**Records for processing**
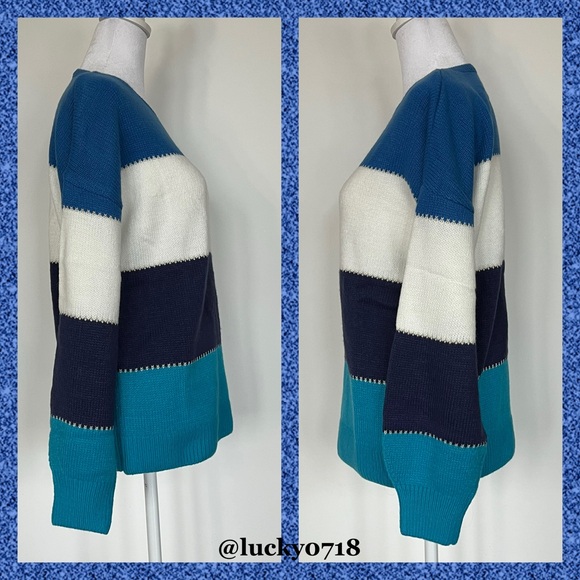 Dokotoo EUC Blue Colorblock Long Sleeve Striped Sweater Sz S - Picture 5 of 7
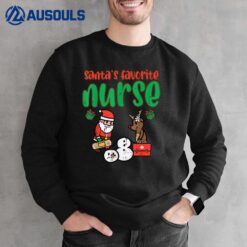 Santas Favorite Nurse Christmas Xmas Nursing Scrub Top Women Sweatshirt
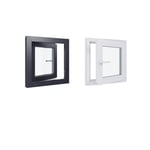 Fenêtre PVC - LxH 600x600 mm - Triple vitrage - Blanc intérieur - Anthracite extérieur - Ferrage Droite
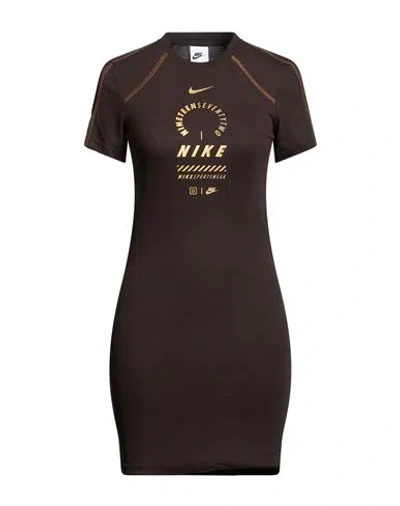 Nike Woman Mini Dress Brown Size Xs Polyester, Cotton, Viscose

---

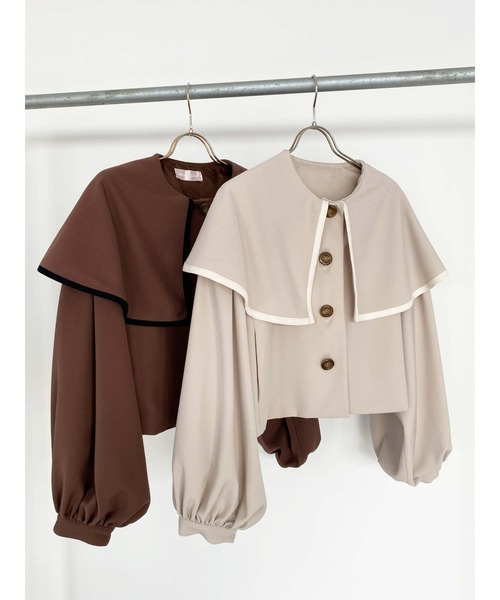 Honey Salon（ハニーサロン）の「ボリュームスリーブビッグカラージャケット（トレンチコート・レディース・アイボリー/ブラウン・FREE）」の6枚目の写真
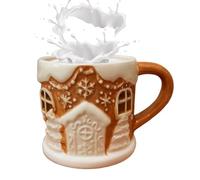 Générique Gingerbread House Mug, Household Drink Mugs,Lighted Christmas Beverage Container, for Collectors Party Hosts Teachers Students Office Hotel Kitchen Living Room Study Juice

**Assignment**
Repeat, without pictures, exactly the lines of the data above from the one containing "Honey Salon（ハニ" through the one containing "Générique Gingerbread House", including both and adding nothing.

**Answer for this exercise**
 Honey Salon（ハニーサロン）の「ボリュームスリーブビッグカラージャケット（トレンチコート・レディース・アイボリー/ブラウン・FREE）」の6枚目の写真
 Générique Gingerbread House Mug, Household Drink Mugs,Lighted Christmas Beverage Container, for Collectors Party Hosts Teachers Students Office Hotel Kitchen Living Room Study Juice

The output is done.